*Problem:* From the data below, repeat exactly the lines from the line with "Малюків, народжених на" to the line with "えーちゃん🐼💓 on LIPS", both included.

*Provided entries:*
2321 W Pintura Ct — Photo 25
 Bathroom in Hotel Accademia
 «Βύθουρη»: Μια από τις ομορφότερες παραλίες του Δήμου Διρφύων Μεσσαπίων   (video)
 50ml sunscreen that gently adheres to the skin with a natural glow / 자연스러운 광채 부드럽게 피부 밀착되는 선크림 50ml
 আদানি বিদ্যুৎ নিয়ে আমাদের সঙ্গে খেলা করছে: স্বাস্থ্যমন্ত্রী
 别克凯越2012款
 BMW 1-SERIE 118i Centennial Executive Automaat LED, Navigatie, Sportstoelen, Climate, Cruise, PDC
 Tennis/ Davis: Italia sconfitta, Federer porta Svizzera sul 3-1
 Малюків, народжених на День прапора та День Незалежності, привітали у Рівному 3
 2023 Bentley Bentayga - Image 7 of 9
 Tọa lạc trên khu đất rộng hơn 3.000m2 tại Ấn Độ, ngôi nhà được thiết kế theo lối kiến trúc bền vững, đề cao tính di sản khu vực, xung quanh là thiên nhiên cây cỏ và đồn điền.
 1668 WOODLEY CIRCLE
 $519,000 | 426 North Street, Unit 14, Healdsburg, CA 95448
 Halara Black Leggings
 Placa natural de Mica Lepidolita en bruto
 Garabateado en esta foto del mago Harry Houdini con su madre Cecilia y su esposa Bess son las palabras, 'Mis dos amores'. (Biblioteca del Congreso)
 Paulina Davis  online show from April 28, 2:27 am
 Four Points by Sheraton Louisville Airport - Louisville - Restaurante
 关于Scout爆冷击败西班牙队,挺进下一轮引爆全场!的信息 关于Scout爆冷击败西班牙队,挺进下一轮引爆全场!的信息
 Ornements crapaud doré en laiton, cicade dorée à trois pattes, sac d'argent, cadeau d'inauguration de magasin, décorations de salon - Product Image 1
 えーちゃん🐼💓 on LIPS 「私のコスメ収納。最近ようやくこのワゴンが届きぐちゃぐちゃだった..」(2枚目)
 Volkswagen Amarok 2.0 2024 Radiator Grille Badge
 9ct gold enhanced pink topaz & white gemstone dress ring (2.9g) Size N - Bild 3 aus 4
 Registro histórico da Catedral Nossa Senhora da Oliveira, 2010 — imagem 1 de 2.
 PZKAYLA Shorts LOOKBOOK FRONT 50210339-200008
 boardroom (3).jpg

*The completed task:*
 Малюків, народжених на День прапора та День Незалежності, привітали у Рівному 3
 2023 Bentley Bentayga - Image 7 of 9
 Tọa lạc trên khu đất rộng hơn 3.000m2 tại Ấn Độ, ngôi nhà được thiết kế theo lối kiến trúc bền vững, đề cao tính di sản khu vực, xung quanh là thiên nhiên cây cỏ và đồn điền.
 1668 WOODLEY CIRCLE
 $519,000 | 426 North Street, Unit 14, Healdsburg, CA 95448
 Halara Black Leggings
 Placa natural de Mica Lepidolita en bruto
 Garabateado en esta foto del mago Harry Houdini con su madre Cecilia y su esposa Bess son las palabras, 'Mis dos amores'. (Biblioteca del Congreso)
 Paulina Davis  online show from April 28, 2:27 am
 Four Points by Sheraton Louisville Airport - Louisville - Restaurante
 关于Scout爆冷击败西班牙队,挺进下一轮引爆全场!的信息 关于Scout爆冷击败西班牙队,挺进下一轮引爆全场!的信息
 Ornements crapaud doré en laiton, cicade dorée à trois pattes, sac d'argent, cadeau d'inauguration de magasin, décorations de salon - Product Image 1
 えーちゃん🐼💓 on LIPS 「私のコスメ収納。最近ようやくこのワゴンが届きぐちゃぐちゃだった..」(2枚目)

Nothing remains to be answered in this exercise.